Well, that's a quick, vague rumor, or set of untrue facts, of the ancient history of TestStand. (Is that statement wishy-washy enough?)

I wrote this because everything that has come before now is history. And since TestStand came before, it has a history. Well, it's obvious my mind is tired from work and I'm starting to ramble semi-incoherently...or maybe it's because I was writing about history. Anyway, I'll stop here for now.

I'll write something more interesting about TestStand and testing tomorrow.

Have a great evening.

Thursday, July 26, 2007

Introduction and National Instruments

This blog will be about various testing issues using the National Instruments products, at least the ones I use. These are mainly LabWindows CVI, TestStand, and LabVIEW. I decided to write this blog simply because I use National Instruments products, I'm always interested in making them better, and I wanted to learn more about blogging. I have to start somewhere, so here I am.

This will be a positive blog, I like National Instruments, and I like their products. However, like every other product, there are good points and not so good points. Overall, there's a lot more good than bad.

NI's website at this link NI. It has an incredible amount of information about NI, it's products, and about automated testing. However, while NI's focus is automated testing and everything around testing, their products can be used for many, many other applications.

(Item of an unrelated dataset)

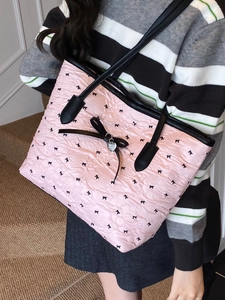 Sac fourre-tout plissé rose avec imprimés nœuds noirs et pendentif cœur pour femme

Coming up soon is NI Week, which National Instruments showcase of it's products and how various companies use their products. I'll be attending this year for my first time. I'm told it's very informative. I'm starting to gather questions/issues/information needs that can be answered there. All the NI Experts will be there so it should be a good forum to gather information.

NI headquarters is located in Austin Texas, which is where NI Week will be held. This should be interesting, the University of Texas and the Capitol of Texas is in the area. If nothing else, I should be able to get in some good sightseeing.

Well, like I said at the beginning, I'm just learning about blogging, so I'll stop here. I'm always interested in improving so suggestions are welcome. I haven't learned to put pictures in the blog yet, so it may be more spiced up tomorrow.

Thanks for your patience with this noob Blogger.